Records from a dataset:
- - - - -
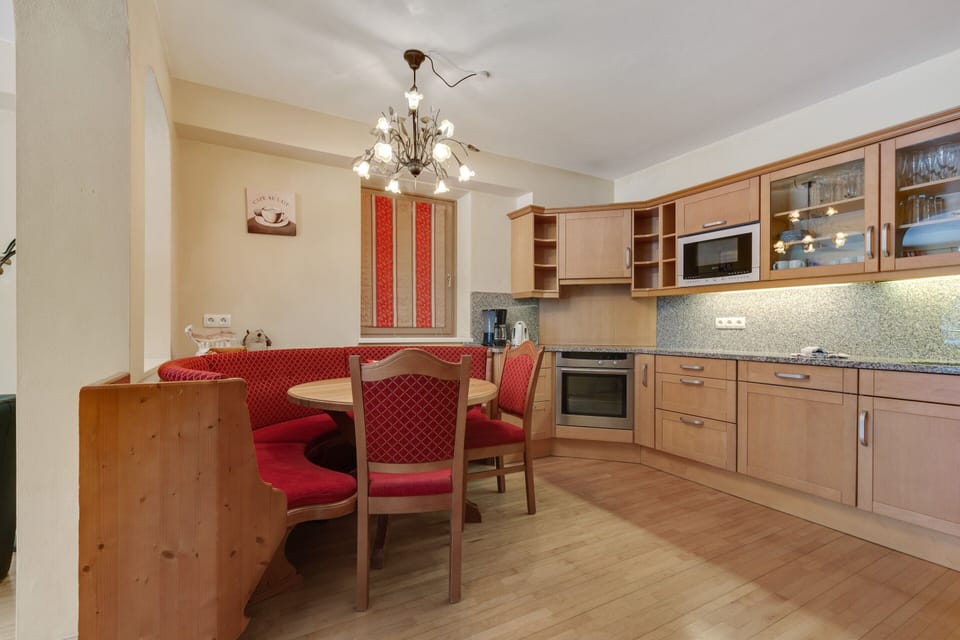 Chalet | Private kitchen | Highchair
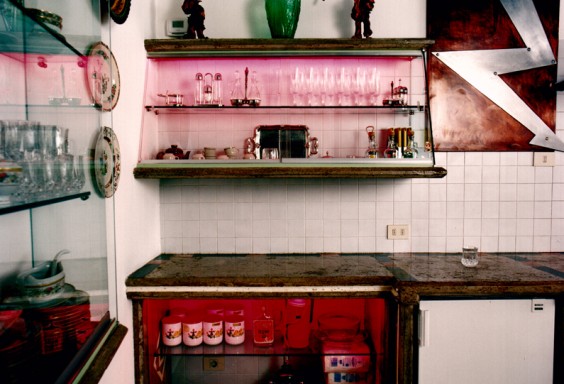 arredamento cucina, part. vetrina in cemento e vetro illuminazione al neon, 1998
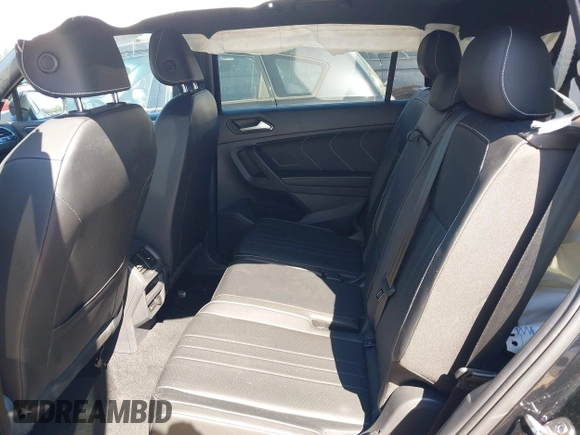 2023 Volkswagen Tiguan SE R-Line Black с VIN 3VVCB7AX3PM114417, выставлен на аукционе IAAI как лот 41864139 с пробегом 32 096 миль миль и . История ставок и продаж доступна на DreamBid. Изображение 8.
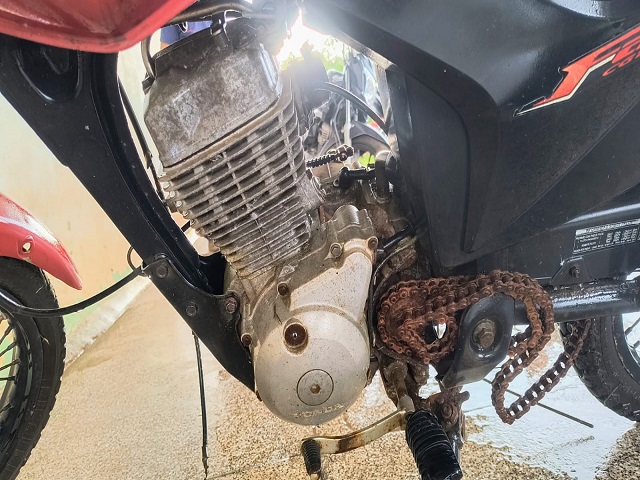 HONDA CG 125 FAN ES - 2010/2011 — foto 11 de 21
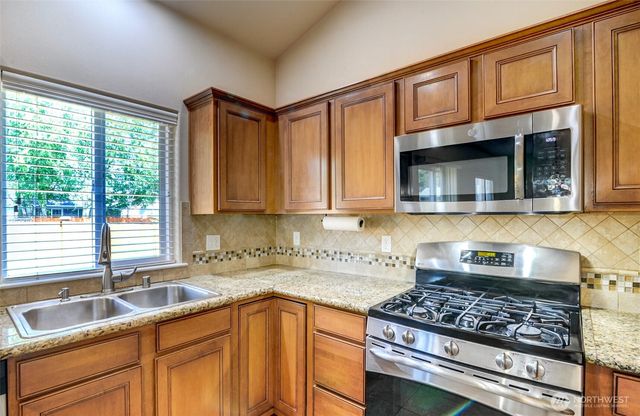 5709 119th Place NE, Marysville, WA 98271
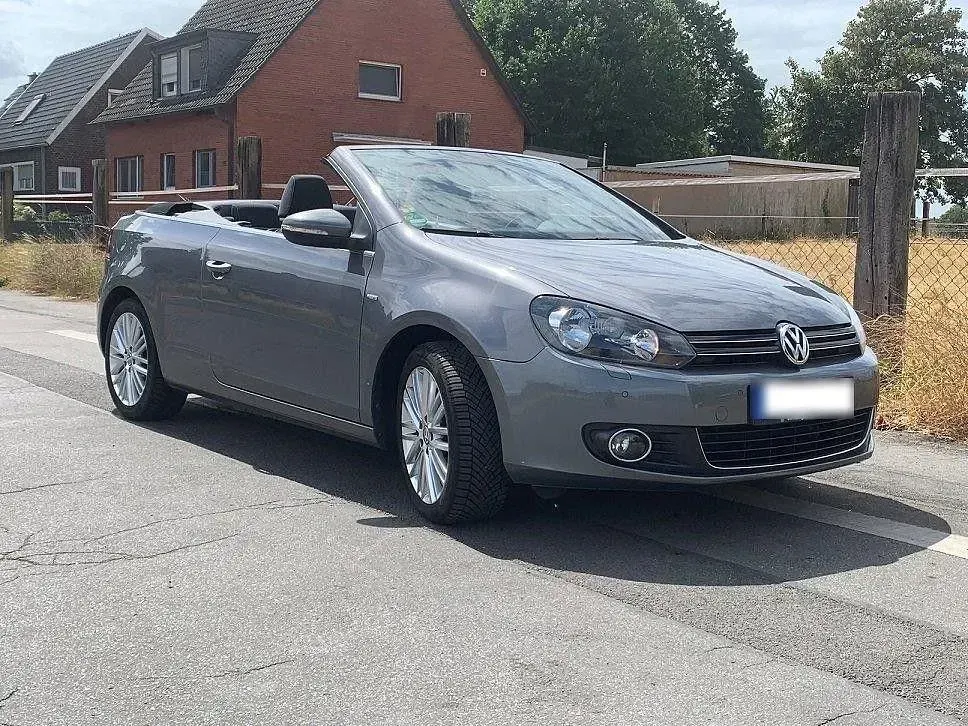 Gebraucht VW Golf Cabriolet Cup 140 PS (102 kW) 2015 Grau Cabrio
- - - - -
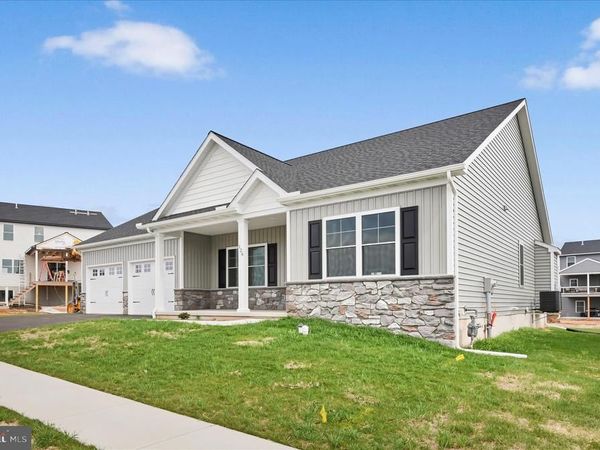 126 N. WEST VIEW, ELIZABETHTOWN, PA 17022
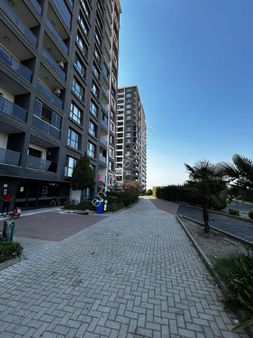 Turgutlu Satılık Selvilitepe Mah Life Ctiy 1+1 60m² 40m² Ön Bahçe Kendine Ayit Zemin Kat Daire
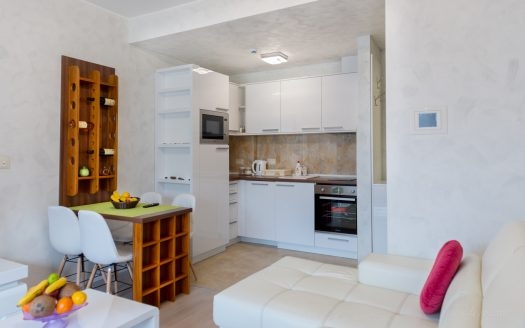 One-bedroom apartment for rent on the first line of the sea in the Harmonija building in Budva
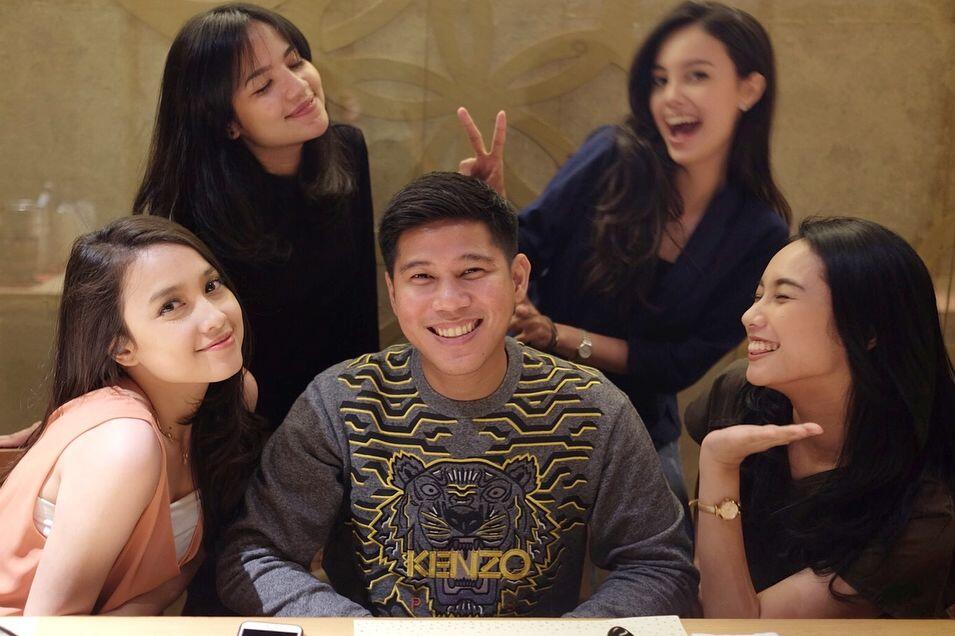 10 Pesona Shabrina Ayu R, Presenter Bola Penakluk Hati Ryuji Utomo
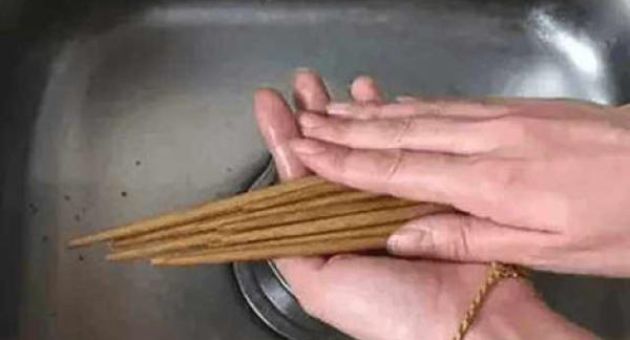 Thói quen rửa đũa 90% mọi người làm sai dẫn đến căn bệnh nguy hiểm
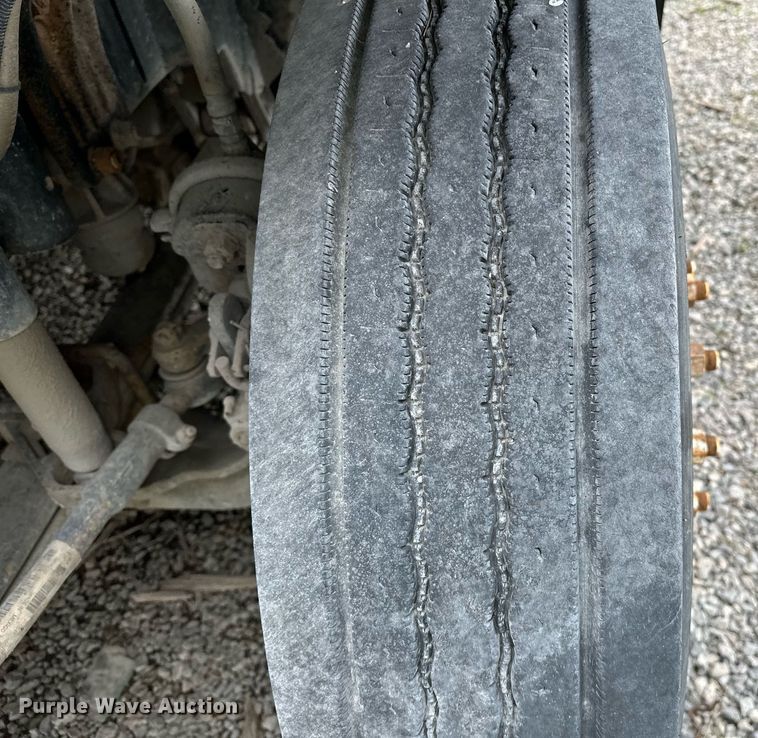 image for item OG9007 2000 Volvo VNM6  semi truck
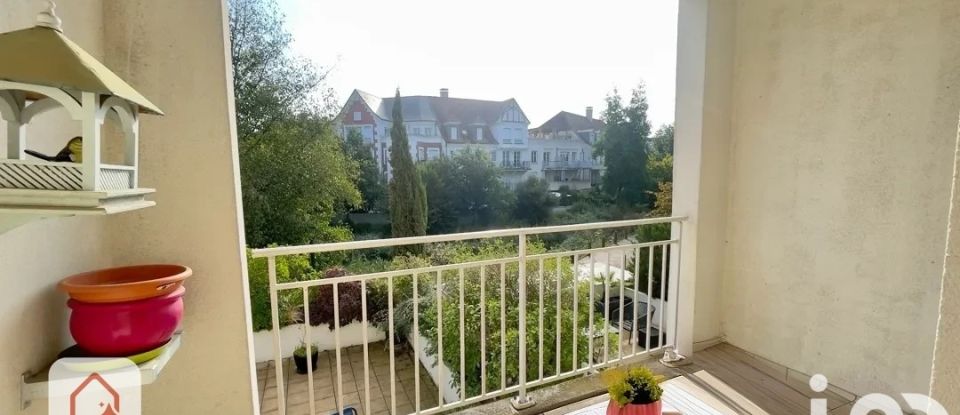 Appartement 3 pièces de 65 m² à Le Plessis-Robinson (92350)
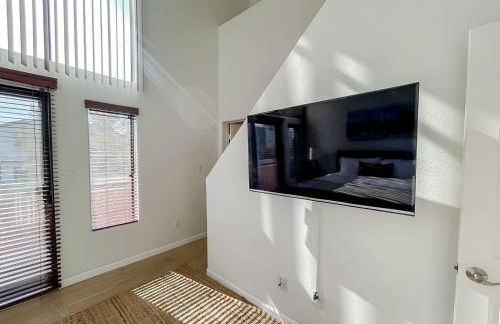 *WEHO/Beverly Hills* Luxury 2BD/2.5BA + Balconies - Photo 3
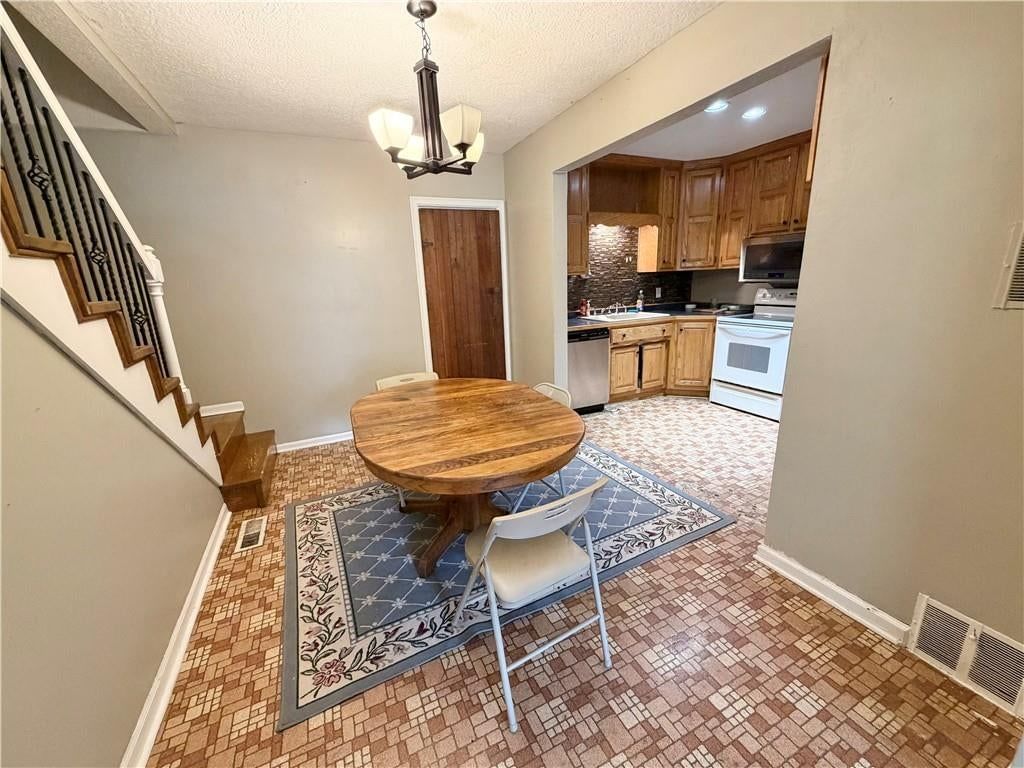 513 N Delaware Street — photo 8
- - - - -
**Exercise**
Repeat, without pictures, exactly the lines of the data above from the one containing "arredamento cucina, part." through the one containing "5709 119th Place NE, Marysville, WA 98271", including both and adding nothing.

**Output for this task**
 arredamento cucina, part. vetrina in cemento e vetro illuminazione al neon, 1998
 2023 Volkswagen Tiguan SE R-Line Black с VIN 3VVCB7AX3PM114417, выставлен на аукционе IAAI как лот 41864139 с пробегом 32 096 миль миль и . История ставок и продаж доступна на DreamBid. Изображение 8.
 HONDA CG 125 FAN ES - 2010/2011 — foto 11 de 21
 5709 119th Place NE, Marysville, WA 98271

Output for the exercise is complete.